È la Commissione Tutela della Professione dell'Ordine degli Psicologi della Lombardia ad intervenire a seguito della segnalazione della consacrata Anna Deodato. La dottoressa Vidale riferisce: "[..] la nostra Commissione Tutela ha provveduto ad inoltrare alla persona segnalata diffida per l'improprio uso del titolo professionale e richiesta di chiarimenti con riferimento a possibili condotte di esercizio abusivo della professione di psicologo nell'ambito dell'attività di accoglienza e ascolto posta in essere dalla stessa segnalata."
La vicenda
La donna, infatti, era stata segnalata da Silere non possum per aver utilizzato impropriamente il titolo di psicologa-psicoterapeuta nell'ambito dei suoi compiti quale membro del Servizio Nazionale per la Tutela dei Minori della Conferenza Episcopale Italiana e di membro della pastorale vocazionale dell'Arcidiocesi di Milano.
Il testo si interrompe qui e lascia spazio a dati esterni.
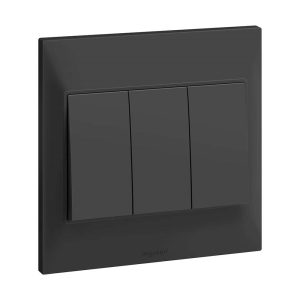 Legrand Belanko S 3-Gang 1-Way 16AX Switch, Triple Circuits, Single Locations, Suitable for Home & Office Ã¢â‚¬â€œ Anthracite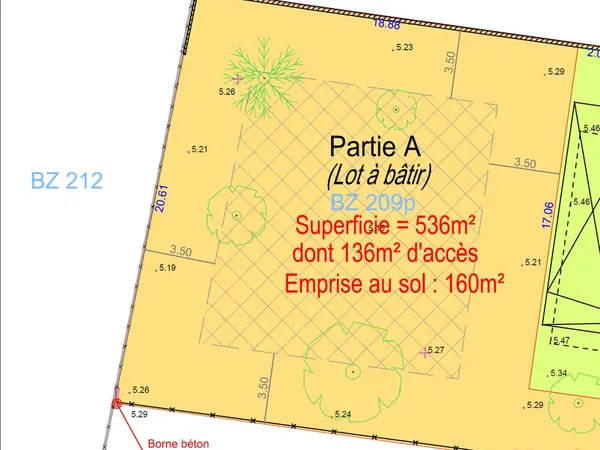 Terrain à bâtir 536 m² - 160 m² d'emprise - Piscinable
In numerosi incontri, Deodato, veniva presentata quale psicologa. Fra gli altri: dalla Pontificia Università Gregoriana, dall'agenzia Sir e da altri quotidiani. Della donna però non vi è traccia nell'albo nazionale e non ha mai conseguito alcun titolo che possa permetterle l'abilitazione alla professione.
La consacrata è stata anche al fianco di padre Amedeo Cencini e don Enrico Parolari negli incontri con la comunità di Bose. Anche in queste occasioni ha svolto attività di ascolto e formazione. Come chiarisce l'ordine degli psicologi, ora è stata diffidata ad utilizzare tale titolo e dovrà fornire chiarimenti sulle possibili condotte messe in essere durante la sua attività di "accoglienza e di ascolto".
Si tratta di un fatto molto grave perché tale condotta non solo configura il reato di usurpazione di titoli o di onori del Codice penale (art. 498), ma potrebbe anche trarre in inganno molti fedeli, i quali potrebbero rivolgersi a lei convinti della sua professionalità. Ma non solo, le posizioni della signora Deodato, in quanto prive di qualsiasi fondamento scientifico, potrebbero essere erroneamente ricollegate ad un pensiero condiviso fra gli psicologi, di cui lei non fa parte. Per questo motivo auspichiamo che la Conferenza Episcopale Italiana e l'Arcidiocesi di Milano provvedano a porre fine a questo comportamento illecito e ad affidare compiti così delicati a persone più affidabili e meno opache.